What the new driver’s license law means (SB 957)
What the new driver’s license law means (SB 957)
On January 8, 2013, the Illinois House passed SB 957, which enables undocumented immigrants in Illinois to get temporary visitor driver’s licenses (TVDLs). The bill now goes to Governor Quinn, who has supported the bill and said he will sign it. When that happens, Illinois will become the fourth state (and first new state since 2003) to authorize undocumented immigrants to drive legally.
What is a Temporary Visitor Driver’s Licenses (TVDL)?
The TVDL is an existing document that is now available to many foreign-born individuals living in Illinois. Since 2005, Illinois has issued TVDLs to individuals who do not have SSNs but who have lawful immigration status. Such individuals include foreign students, spouses and children of temporary workers, long-term visitors, and others who are not authorized to work under our immigration laws. Many of these individuals still need to drive on a regular basis to get to classes, shop, take their children to school, or attend to other family and personal business. SB 957 makes TVDLs available to undocumented motorists who also need to drive for these purposes.
TVDLs are visually distinct from regular licenses: TVDLs current use a purple color scheme, as opposed to the red scheme used for regular licenses. TVDLs are also clearly marked as “not valid for identification.”
Why TVDLs instead of regular licenses?
The federal REAL ID Act requires that states can issue regular driver’s licenses only to those individuals with lawful immigration status. Because they are visually distinct from regular licenses and are marked as not valid for identification, TVDLs already comply with REAL ID while still enabling undocumented immigrants to drive legally.
What requirements will applicants need to meet to get a TVDL?

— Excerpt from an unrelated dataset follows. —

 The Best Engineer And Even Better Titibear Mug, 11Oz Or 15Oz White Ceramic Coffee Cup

To qualify for a TVDL, an undocumented immigrant must
- Prove that she has lived in Illinois for at least one year;
- Provide a valid unexpired passport or consular ID;
- Provide other proof of her identity and residency that the Secretary of State might require;
- Provide documentation that she is not eligible for a Social Security Number;
- Pass all applicable vision, written, and road tests;
- Show proof of insurance for the vehicle she uses for the road test;
- Pay a $30 fee.
When will TVDLs become available?
This new law will take effect ten months after Governor Quinn signs it—that is, sometime in fall 2013.
Where will applicants be able to apply?
The Secretary of State intends to make TVDL applications available at most of its facilities. (Currently TVDLs are available at only certain facilities.)

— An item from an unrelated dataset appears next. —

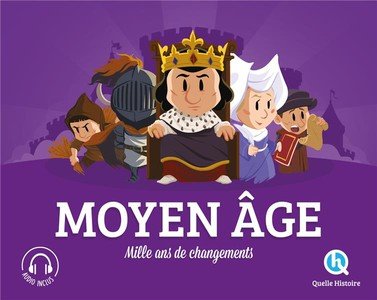 Moyen age - mille ans de changements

Will applicants get a TVDL the same day as they apply?
No. The Secretary of State will need to review and verify the documents that get submitted with the application. SoS will then issue the TVDL from a central facility and send it to the applicant by mail.
Will the Secretary of State have enough resources to implement this law?
The Secretary of State estimates that its first-year costs to implement TVDLs would be approximately $800,000. SoS will therefore have enough money to pay for TVDLs if as few as 30,000 individuals apply (out of potentially 250,000), each paying $30 each.
Is the TVDL valid as proof of identity?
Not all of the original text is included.